WHAT TO WORK ON: Where the listing below has a line with "natt_scott online show", write out exactly that line and every line after it, stopping after the line with "Kenneth Cole Reaction".

··········

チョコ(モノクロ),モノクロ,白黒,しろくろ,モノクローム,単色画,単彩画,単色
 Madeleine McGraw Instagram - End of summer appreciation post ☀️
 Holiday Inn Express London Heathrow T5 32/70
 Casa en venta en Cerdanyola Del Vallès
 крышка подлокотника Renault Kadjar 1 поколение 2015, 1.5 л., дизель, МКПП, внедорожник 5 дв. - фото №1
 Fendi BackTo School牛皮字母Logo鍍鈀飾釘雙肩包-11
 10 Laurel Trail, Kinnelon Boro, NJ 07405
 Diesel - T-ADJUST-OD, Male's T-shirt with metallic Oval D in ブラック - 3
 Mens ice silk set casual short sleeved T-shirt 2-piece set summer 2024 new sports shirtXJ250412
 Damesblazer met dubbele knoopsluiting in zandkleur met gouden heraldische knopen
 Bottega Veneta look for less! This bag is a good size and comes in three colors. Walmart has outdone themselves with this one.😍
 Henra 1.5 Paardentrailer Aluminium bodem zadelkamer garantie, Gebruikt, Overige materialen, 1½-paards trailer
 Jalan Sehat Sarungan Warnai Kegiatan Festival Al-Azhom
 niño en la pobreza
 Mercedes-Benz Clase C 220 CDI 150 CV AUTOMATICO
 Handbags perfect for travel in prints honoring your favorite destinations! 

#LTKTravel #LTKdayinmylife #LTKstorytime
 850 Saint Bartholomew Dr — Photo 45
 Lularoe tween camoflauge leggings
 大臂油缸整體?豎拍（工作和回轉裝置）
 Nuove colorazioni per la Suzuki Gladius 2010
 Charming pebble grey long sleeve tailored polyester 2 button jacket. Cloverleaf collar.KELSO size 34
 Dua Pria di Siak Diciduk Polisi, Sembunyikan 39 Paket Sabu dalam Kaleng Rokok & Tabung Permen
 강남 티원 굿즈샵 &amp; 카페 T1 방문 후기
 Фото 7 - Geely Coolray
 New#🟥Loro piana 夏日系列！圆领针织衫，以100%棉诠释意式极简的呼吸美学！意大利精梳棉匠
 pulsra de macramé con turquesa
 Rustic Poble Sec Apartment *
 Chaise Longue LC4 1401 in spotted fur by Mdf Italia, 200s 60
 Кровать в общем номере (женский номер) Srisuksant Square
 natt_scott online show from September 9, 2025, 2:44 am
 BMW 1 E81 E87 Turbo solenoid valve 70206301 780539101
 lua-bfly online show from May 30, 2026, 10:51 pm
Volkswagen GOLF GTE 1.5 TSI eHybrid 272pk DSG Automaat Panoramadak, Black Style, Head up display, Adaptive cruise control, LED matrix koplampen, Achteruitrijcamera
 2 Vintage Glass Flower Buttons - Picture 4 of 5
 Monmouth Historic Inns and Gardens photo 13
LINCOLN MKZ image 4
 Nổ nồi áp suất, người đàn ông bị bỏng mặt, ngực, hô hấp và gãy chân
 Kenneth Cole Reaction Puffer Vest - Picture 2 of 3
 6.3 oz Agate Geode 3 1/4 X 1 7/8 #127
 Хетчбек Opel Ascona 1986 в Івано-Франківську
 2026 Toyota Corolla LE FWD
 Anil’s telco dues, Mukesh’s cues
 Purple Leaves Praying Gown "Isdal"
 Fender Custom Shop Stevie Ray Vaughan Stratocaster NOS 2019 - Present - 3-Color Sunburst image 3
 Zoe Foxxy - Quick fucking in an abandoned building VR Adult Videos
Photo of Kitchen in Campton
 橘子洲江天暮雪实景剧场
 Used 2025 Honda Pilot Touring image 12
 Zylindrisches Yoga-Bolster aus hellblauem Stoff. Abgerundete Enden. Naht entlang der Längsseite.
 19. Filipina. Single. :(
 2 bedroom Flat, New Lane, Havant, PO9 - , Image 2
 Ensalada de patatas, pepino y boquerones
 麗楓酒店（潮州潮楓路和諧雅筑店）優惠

··········

ANSWER SECTION:
 natt_scott online show from September 9, 2025, 2:44 am
 BMW 1 E81 E87 Turbo solenoid valve 70206301 780539101
 lua-bfly online show from May 30, 2026, 10:51 pm
Volkswagen GOLF GTE 1.5 TSI eHybrid 272pk DSG Automaat Panoramadak, Black Style, Head up display, Adaptive cruise control, LED matrix koplampen, Achteruitrijcamera
 2 Vintage Glass Flower Buttons - Picture 4 of 5
 Monmouth Historic Inns and Gardens photo 13
LINCOLN MKZ image 4
 Nổ nồi áp suất, người đàn ông bị bỏng mặt, ngực, hô hấp và gãy chân
 Kenneth Cole Reaction Puffer Vest - Picture 2 of 3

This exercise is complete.